Building a Faux PaaS, Part 1: The SQL Server DevOps Scene in 2017

In the cloud, treat your servers like cattle, not like pets.

Rounding up a herd of servers in Texas

In the cloud, systems administration is very different than the on-premises stuff you’re used to. When you build VMs in the cloud with Infrastructure-as-a-Service (IaaS, meaning AWS EC2, GCE, or Azure VMs), you expect them to die. It’s just a matter of time. If you’re lucky, it’ll be years from now, but if you’re unlucky, it’ll be tomorrow.

This sort of thinking drove Netflix to create the Chaos Monkey.

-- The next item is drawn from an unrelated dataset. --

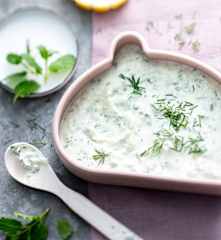 Baby-friendly Herbed Cucumber Yoghurt Dip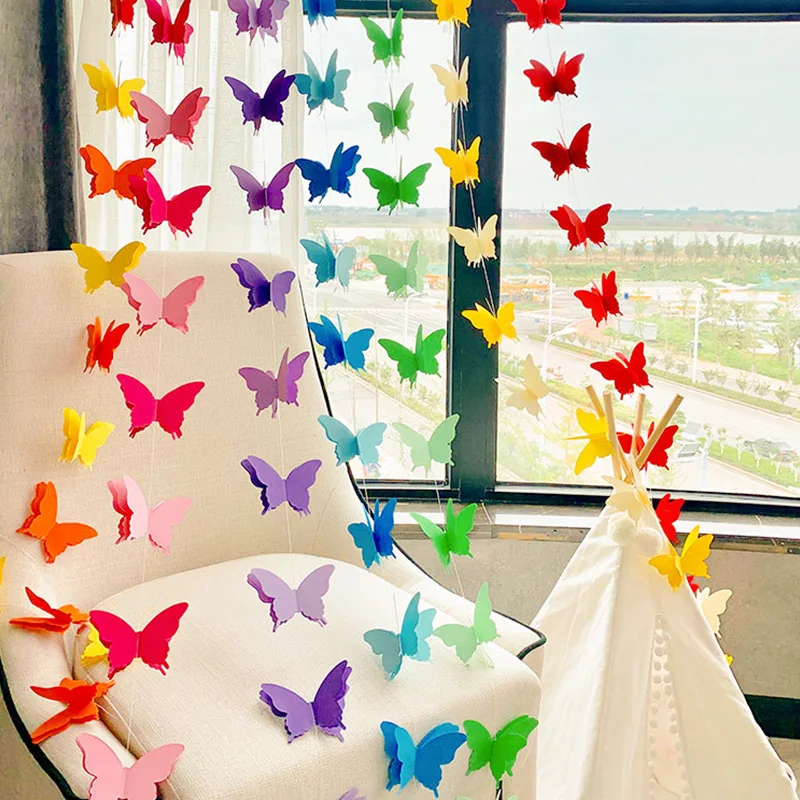

2m Long Papercard Butterfly Hanging Paper Craft Event Adornments Background Props DIY Colorful Pendant Flag Party Adornments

In their 2010 post 5 Lessons We’ve Learned Using AWS, they wrote:

“One of the first systems our engineers built in AWS is called the Chaos Monkey. The Chaos Monkey’s job is to randomly kill instances and services within our architecture. If we aren’t constantly testing our ability to succeed despite failure, then it isn’t likely to work when it matters most?—?in the event of an unexpected outage.”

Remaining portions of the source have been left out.